_Directions_
Would you give again, exactly as written, the lines from the opening of the records to the line with "Or just feel", that line included and pictures excluded?

━━━━━ Record excerpts

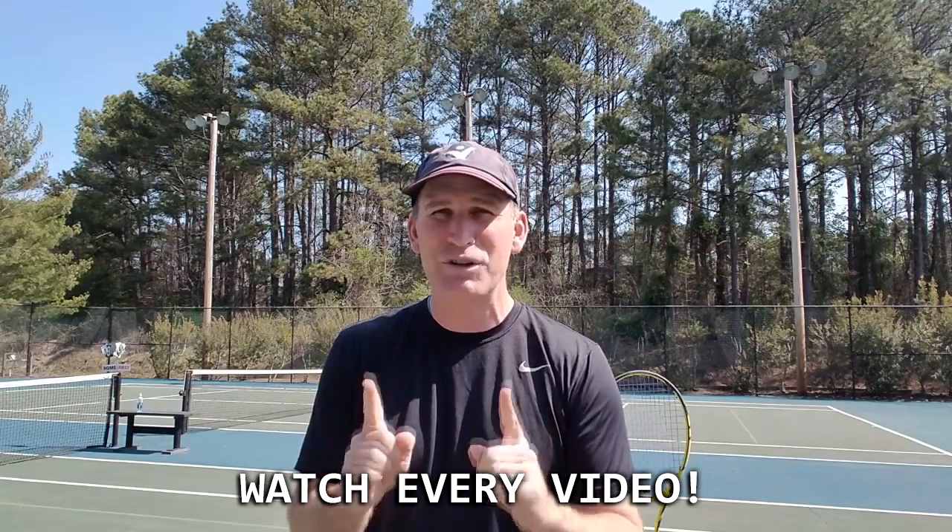Now before we get into these six essential ingredients, I invite you to watch every video to the end because I'm going to reward you. There's a really cool prize in this series — I reward people who watch videos to the end and comment, letting me know their challenges so I can better help you. Stick around to the end and you'll see what you can possibly win just by watching and learning.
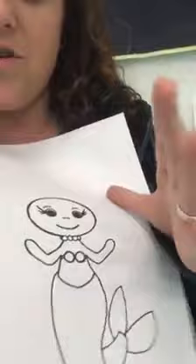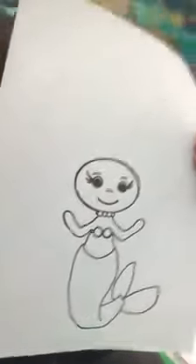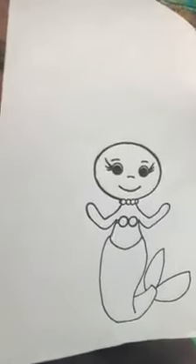So this is our sweet little mermaid. What you do is you print it out and then you dip your child's hand in paint and paint their handprint up here for her hair — it's wavy and blowing and that kind of thing in the water.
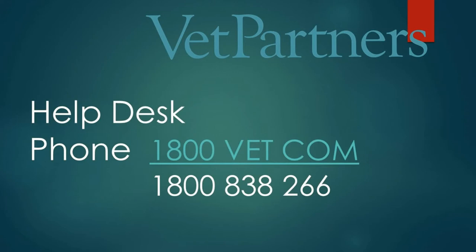Or just feel free to call helpdesk at 1800 838 266. Once the device is connected to your clinic's network, our IT team member will contact you just to double check that we can reach the device from our end and that it's working properly.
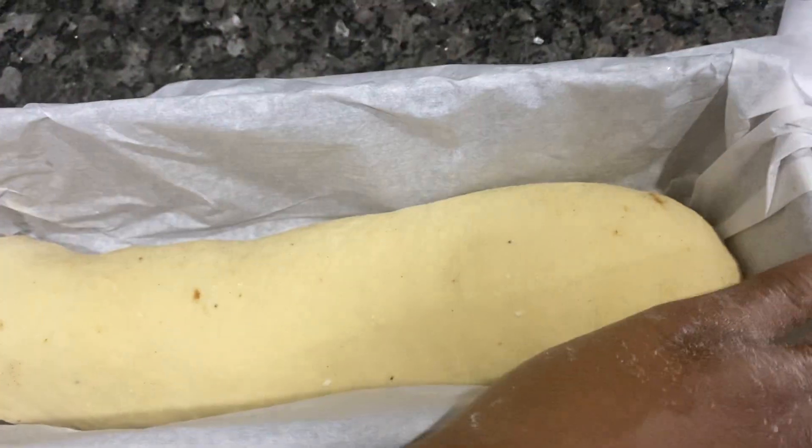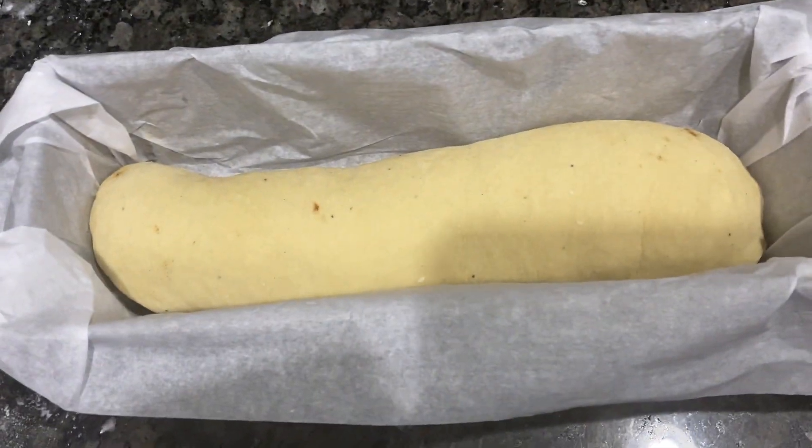I'm going to put it on my pan. I'm going to let it proof again for one hour. So this is my bread — I'm going to let it proof for an hour and I'll come back and make sure you get results. Cooking with Lisa.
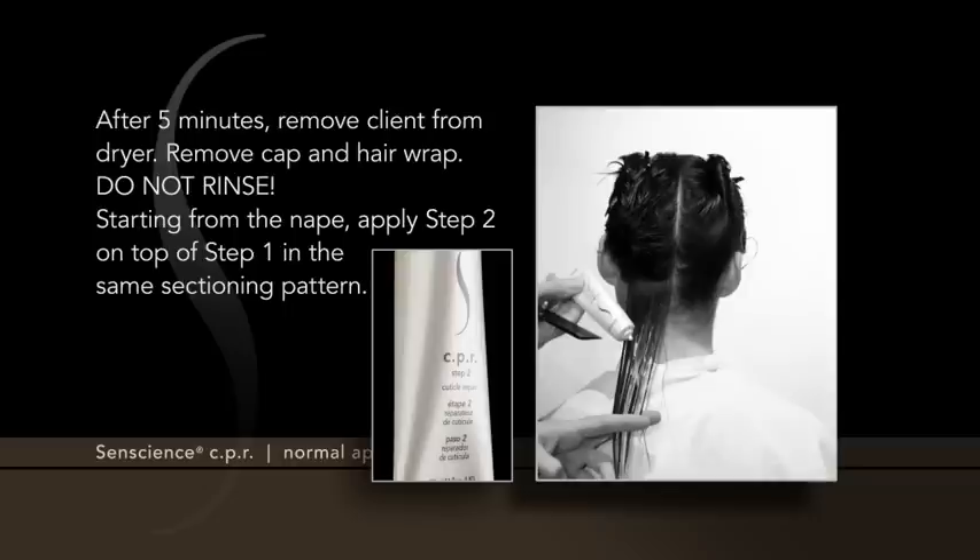After 5 minutes, remove the client from the dryer. Remove cap and hair wrap. Do not rinse. Starting from the nape, apply Step 2 on top of Step 1 in the same sectioning pattern.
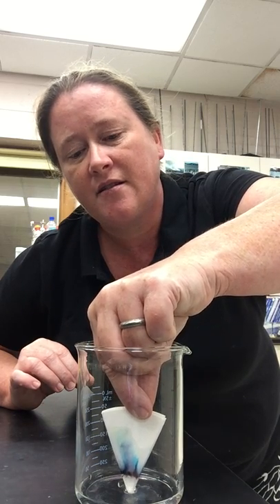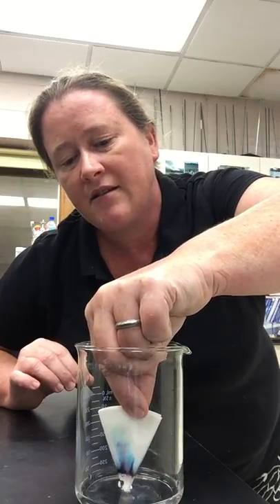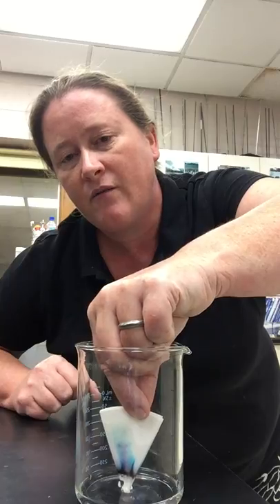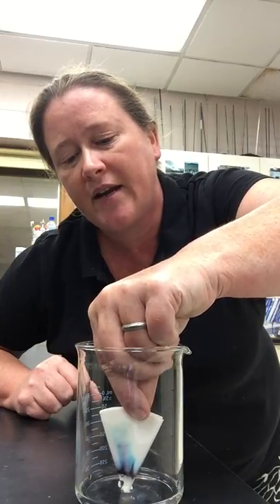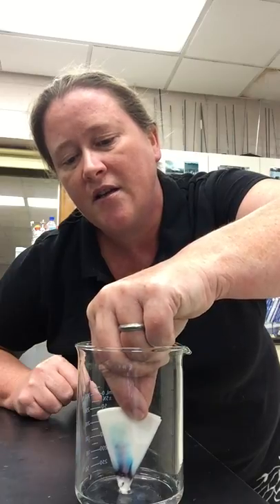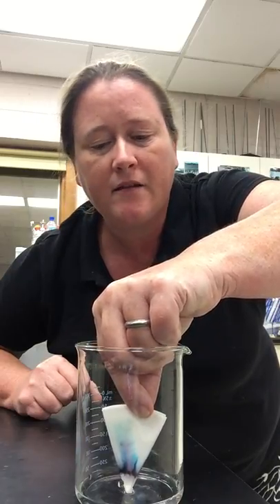As this is traveling, you can see that the blues are kind of leading the way and moving along. The water is creeping up and carrying the dyes along with it, separating out into individual colors. I'm just going to let it keep going for a little bit longer.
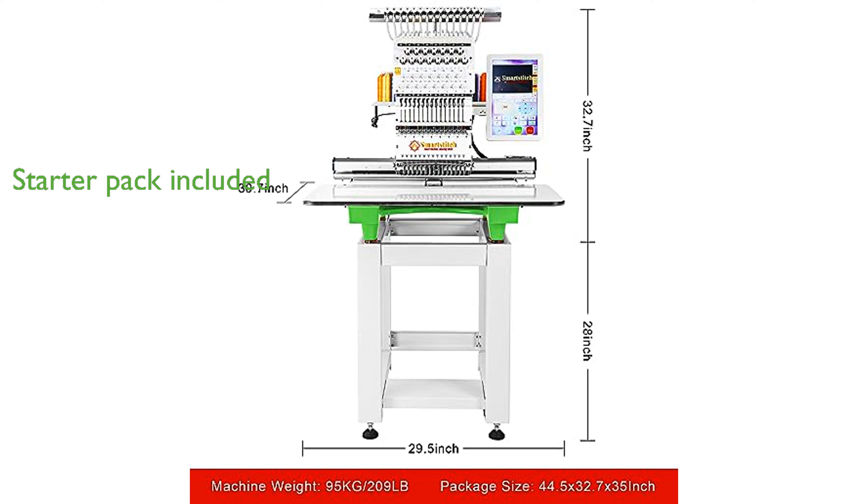The S1501 comes with a starter pack that includes essential items like machine embroidery threads, stabilizers, and bobbin threads, so you have everything you need to begin your embroidery journey.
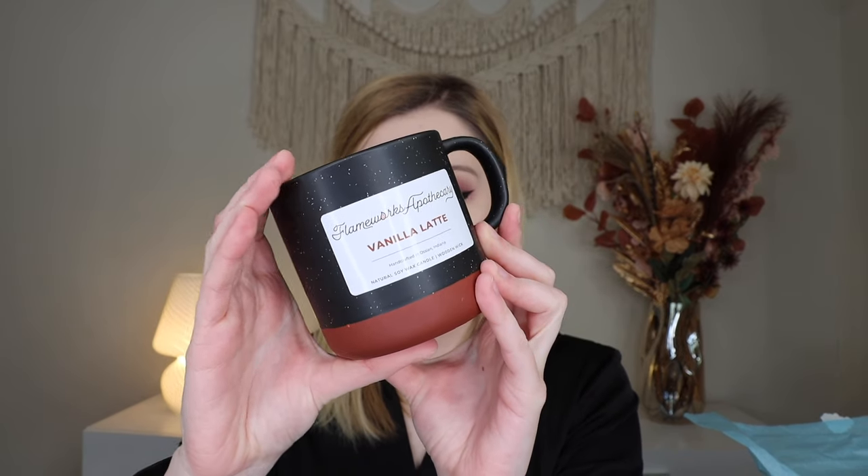Up next we have a mug candle — a vanilla latte ceramic mug candle. This retails for $28 and is by Flameworks Apothecary, handcrafted in Oceania, Indiana. It is a wooden wick, so it'll have that flickery quality to it. And I don't know if when this is done you can use the mug to drink out of — that's pretty cool if you can. It smells really nice — that coffee vanilla moment. So cute, I love it. It's like a very cozy vibe.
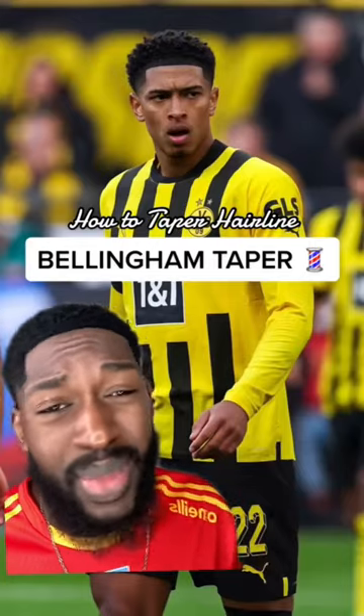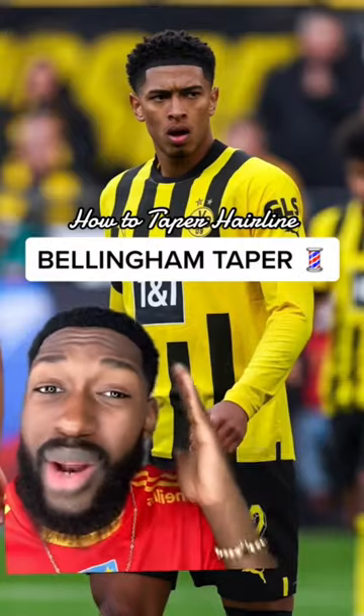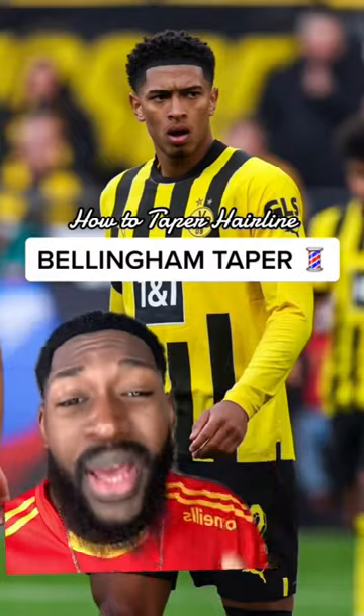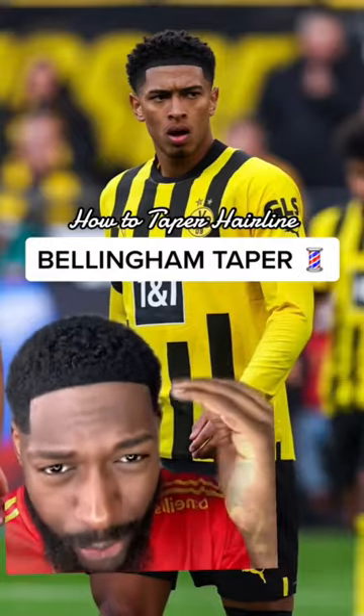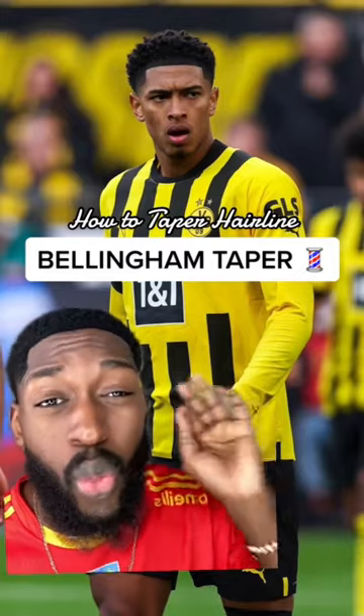A lot of people have been DMing me and asking how do you get the tapered hairline that Jude Bellingham has. First of all, on the top he's got a curly top, and then after that, the front of the hairline is tapered — either taken down with a two guard or a one and a half guard.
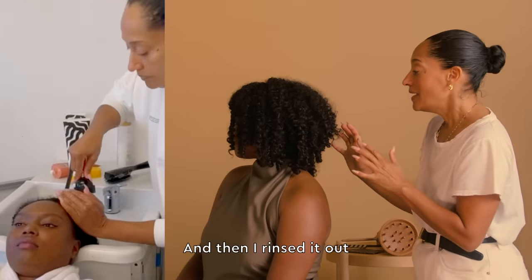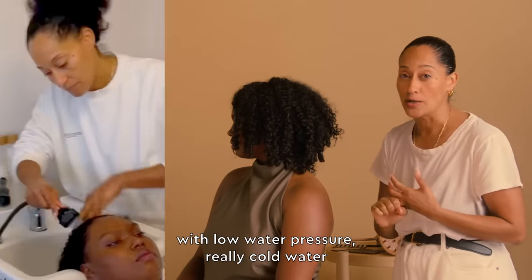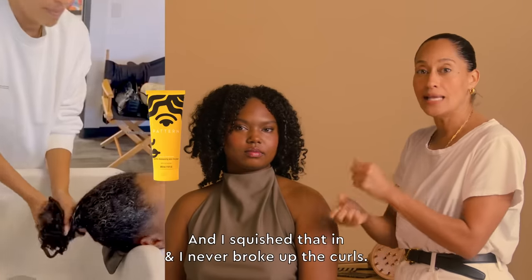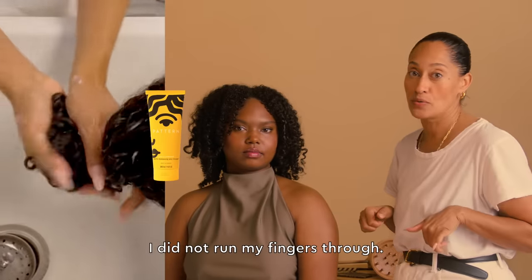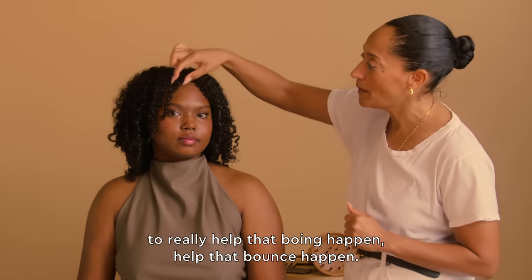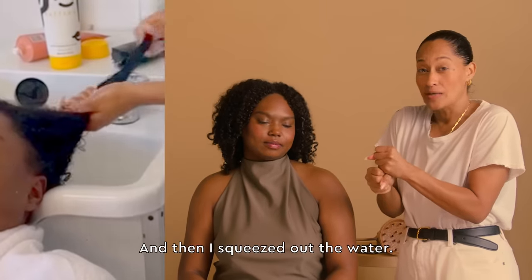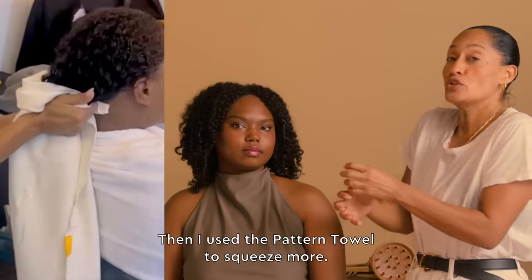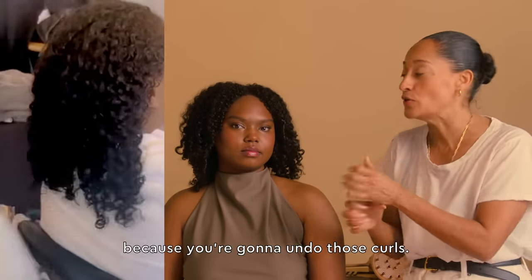Then I rinsed it out with low water pressure, really cold water. I filled it with leave-in conditioner and squished that in, and I never broke up the curls. I did not run my fingers through. I put a little bit of curl gel on the ends to really help that bounce happen, and then I squeezed out the water. I did not twist. Then I used the pattern towel to squeeze more — no twisting, because you're going to undo those curls.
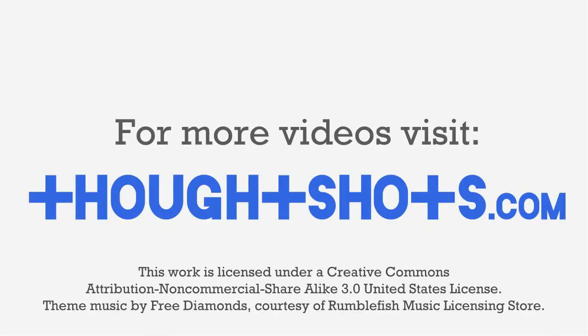Thanks for watching. As always, you can view this video or any of my other technology learning videos for free at ThoughtShots.com, where you can also find a full transcript of this video, as well as show notes and related web links.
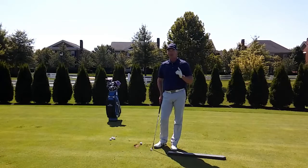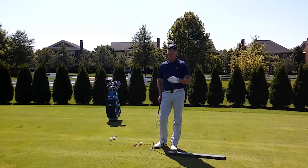Today I want to talk to you about your finished position with your wedges. The wedges are the most versatile club in your bag — you can use them from right off the edge of the green all the way up to about 80 yards.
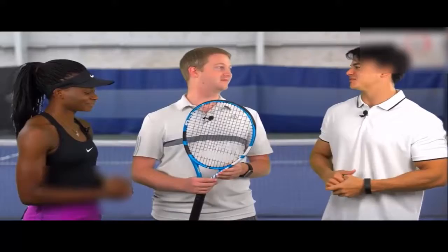Great racket all around. Thanks for tuning in to our Tennis Express racket review. We'd like to thank our friends at Westheimer Indoor Tennis for letting us use their courts. Be sure to check out our other videos on our YouTube channel, like us on Facebook, and follow us on Twitter to stay up to date with all the latest news here at Tennis Express.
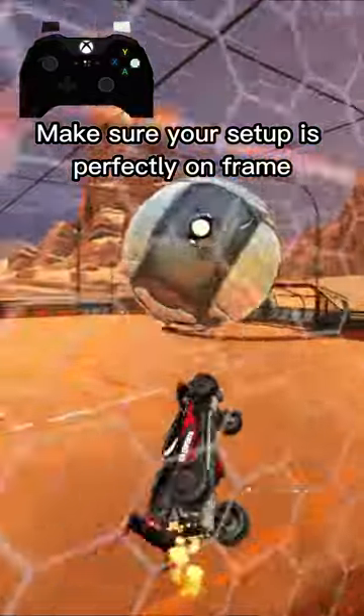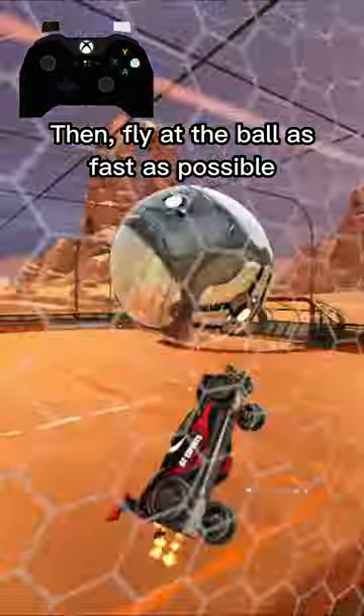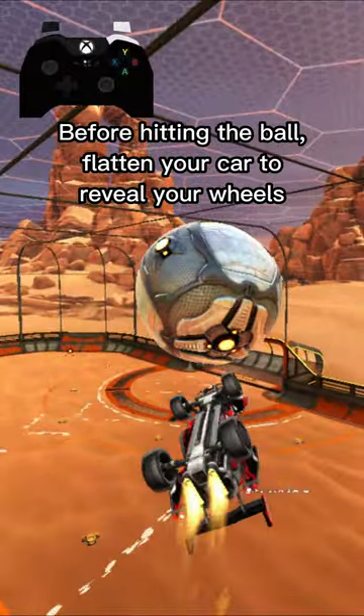Make sure your setup is perfectly on frame. Then fly at the ball as fast as possible. Before hitting the ball, flatten your car to reveal your wheels.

━━━━━━━━━━

_Exercise response_
Now before we get into these six essential ingredients, I invite you to watch every video to the end because I'm going to reward you. There's a really cool prize in this series — I reward people who watch videos to the end and comment, letting me know their challenges so I can better help you. Stick around to the end and you'll see what you can possibly win just by watching and learning.
So this is our sweet little mermaid. What you do is you print it out and then you dip your child's hand in paint and paint their handprint up here for her hair — it's wavy and blowing and that kind of thing in the water.
Or just feel free to call helpdesk at 1800 838 266. Once the device is connected to your clinic's network, our IT team member will contact you just to double check that we can reach the device from our end and that it's working properly.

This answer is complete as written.